**Supplied information**
# # # # # # #

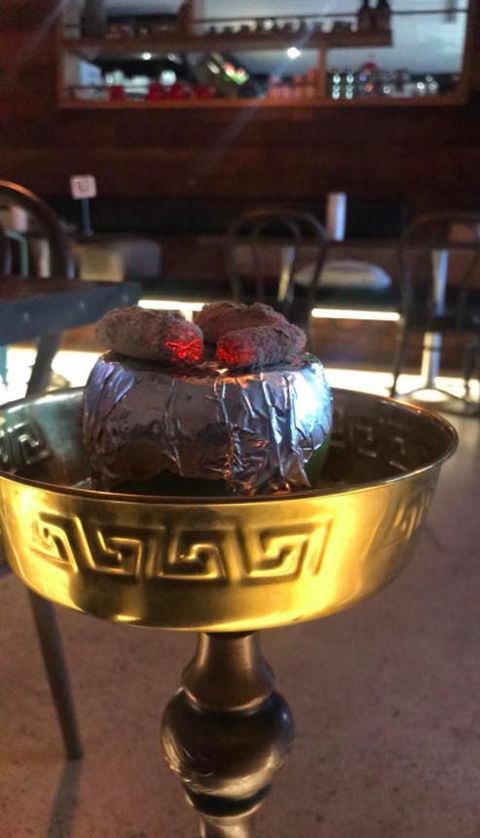 Shishabella - New South Wales Tourism  0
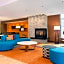 Fairfield Inn & Suites by Marriott Pittsburgh Airport/Robinson Township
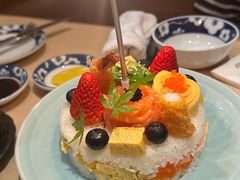 -小山日本料理(太古汇店)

# # # # # # #

**Problem**
Leave the pictures out, and reproduce only the lines from the line holding "Fairfield Inn &" through the last line of the material, both included.

**Output below**
 Fairfield Inn & Suites by Marriott Pittsburgh Airport/Robinson Township
 -小山日本料理(太古汇店)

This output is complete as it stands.